Chicago Tribune: Small mosque easily wins approval from DuPage

Plan for site near Lombard stand in contrast to larger, controversial mosque proposals

 

The plans for the house of worship seem unremarkable: a one-story, 5,200-square-foot building, nestled on more than an acre in unincorporated Lombard.

But what was notable about the Proclaim Truth Charitable Trust's proposal was that the building would be a mosque — a worship home for 150 or so Muslims.

Other recent zoning applications for mosques in DuPage County — including ones in unincorporated Willowbrook and elsewhere near Lombard — have run into significant opposition from neighbors. In those cases, few, if any, neighbors have cited the worshippers' religion as the reason for their opposition. Instead, they have cited issues like traffic, stormwater, the effect on property values and generally oversize buildings compared with their surroundings.

In the wake of such receptions, Proclaim Truth's plans sailed through the DuPage County Board last week with hardly a ripple of controversy. Without comment, the board voted 13-4 to approve the project, and not a single neighbor gave public comment on the plans.

Muslims hailed approval of the project, which would replace a house on the property at 1620 S. Highland Ave., and they cited several reasons for its easy passage.

"It's basically the ideal zoning application for DuPage County, with absolutely no controversy surrounding it," said Amina Sharif, communications coordinator with the Chicago Council on American-Islamic Relations. "The whole area where it's located is already commercially zoned, already next to a synagogue, and there is more than adequate parking there. If the DuPage County Board had rejected this, then we'd really have an obvious problem. This is a very easy thing to approve."

Sharif noted the project's small size compared with plans for a 47,000-square-foot mosque near Willowbrook, which board members approved several months ago, and plans for a 43,000-square-foot mosque near the southeast corner of Roosevelt Road and Interstate Highway 355, which are pending.

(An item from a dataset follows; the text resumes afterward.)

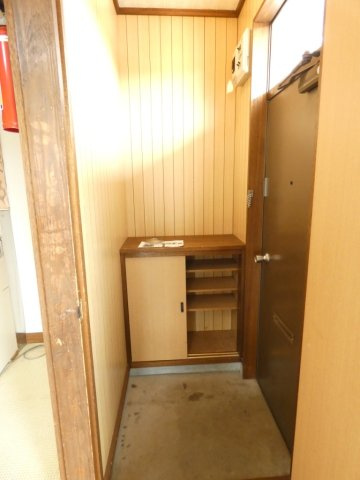 高橋マンションの玄関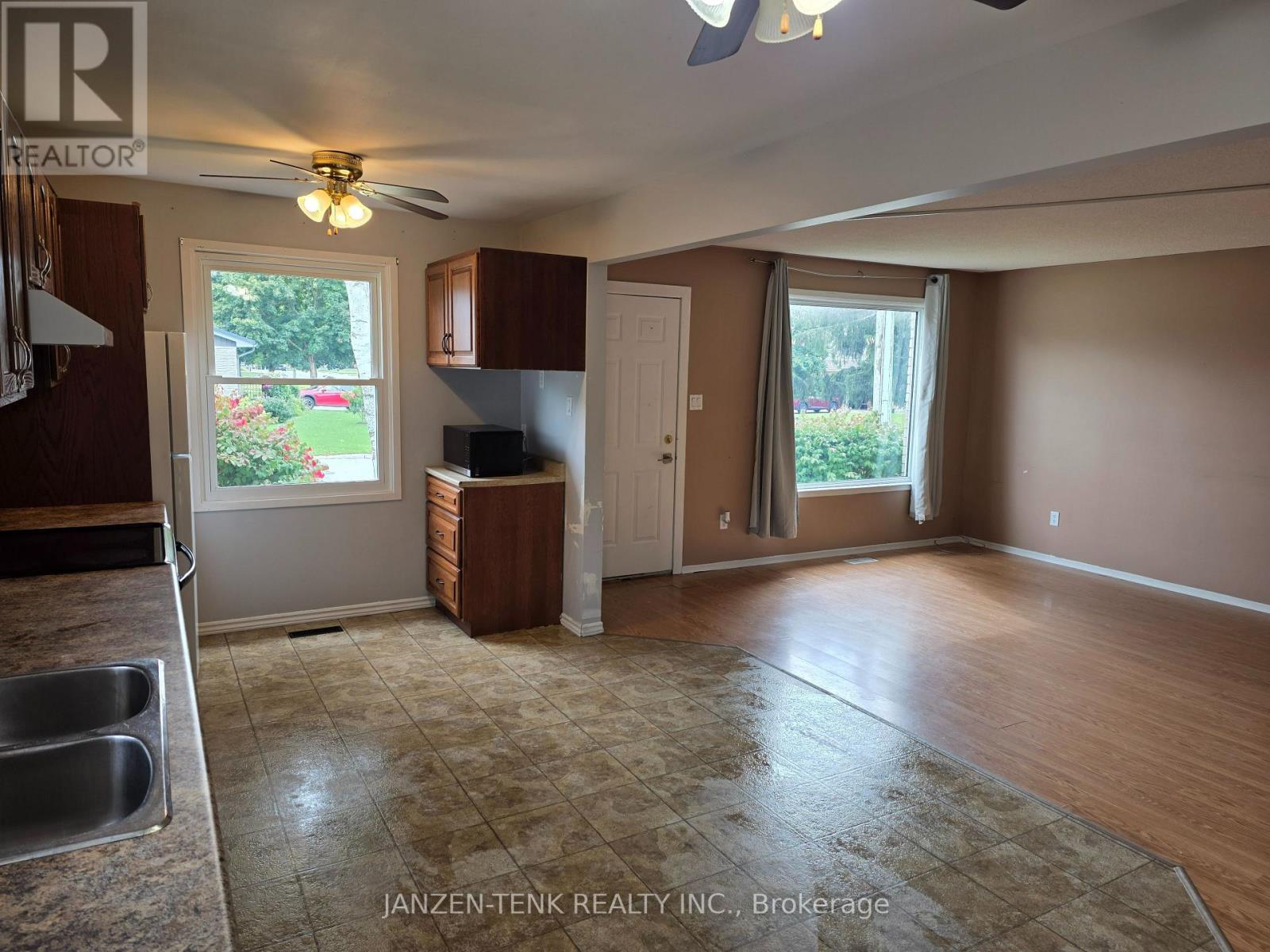 119 Moore Avenue, Aylmer, Ontario  N5H 2Z8 - Photo 3 - X13860582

Also, the board in January 2010 rejected a proposed Islamic prayer center on three acres near Naperville.

Janet Widmaier, president of the nearby synagogue Congregation Etz Chaim, noted that a church, a mosque and a synagogue would be virtually in a row.

"I think that's actually lovely," Widmaier said. "We're delighted that the mosque's plans went through smoothly and we welcome them as neighbors."

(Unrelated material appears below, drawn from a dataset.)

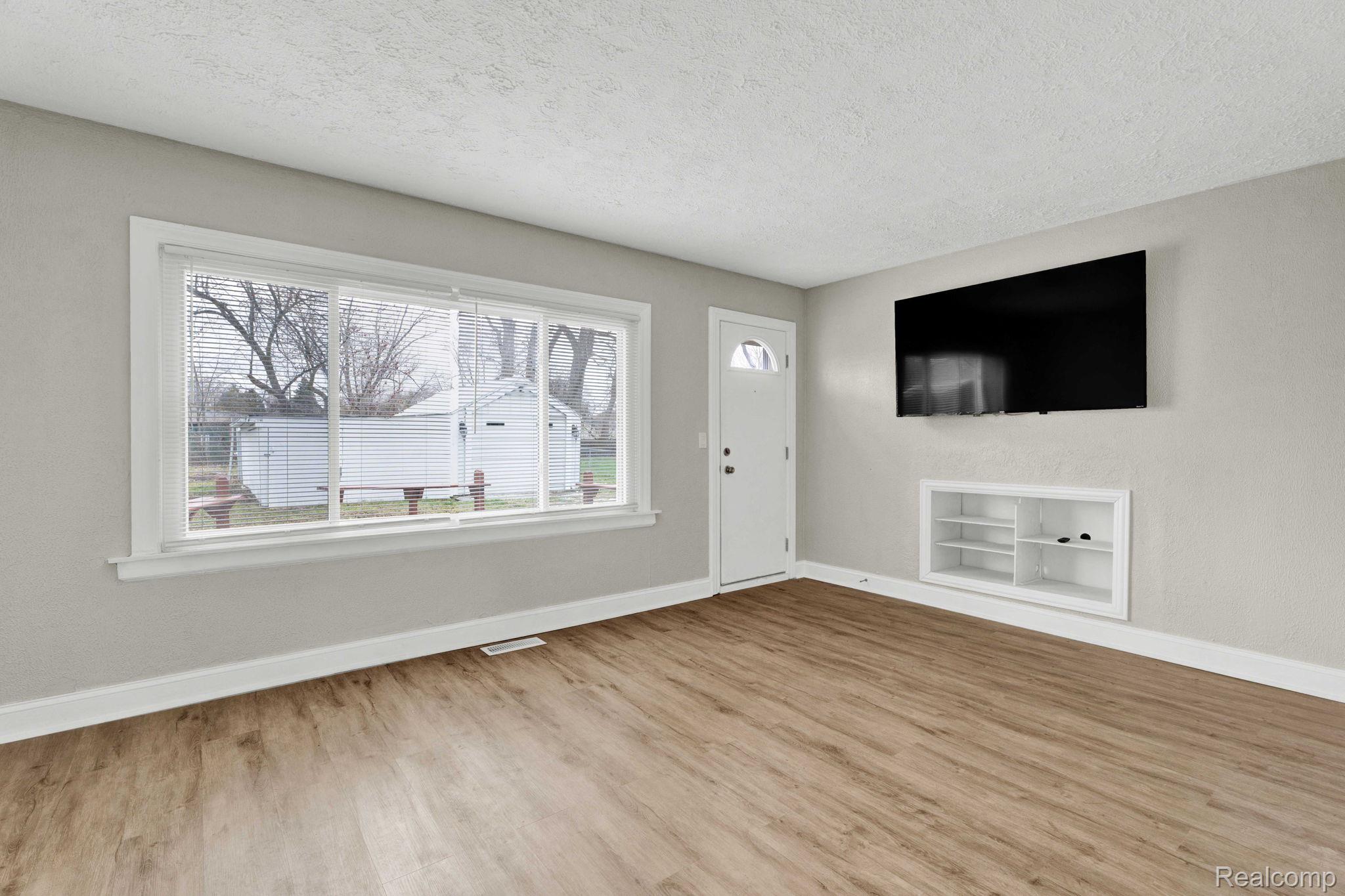 2121 Chesley Drive Property Photo 11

To be sure, the Proclaim Truth project has detractors. County Board member Patrick O'Shea, R-Lombard, who represents the district where the mosque will be, said he visited the site after some neighbors complained about the traffic it would generate. But the county's Zoning Board of Appeals did not review any traffic studies.

"There are no traffic studies, I don't have the answers, and I'm supposed to vote for it? I don't think so," O'Shea said, noting he voted for the mosque in Willowbrook.

Sabet Siddiqui, who represents Proclaim Truth, did not return phone calls for comment.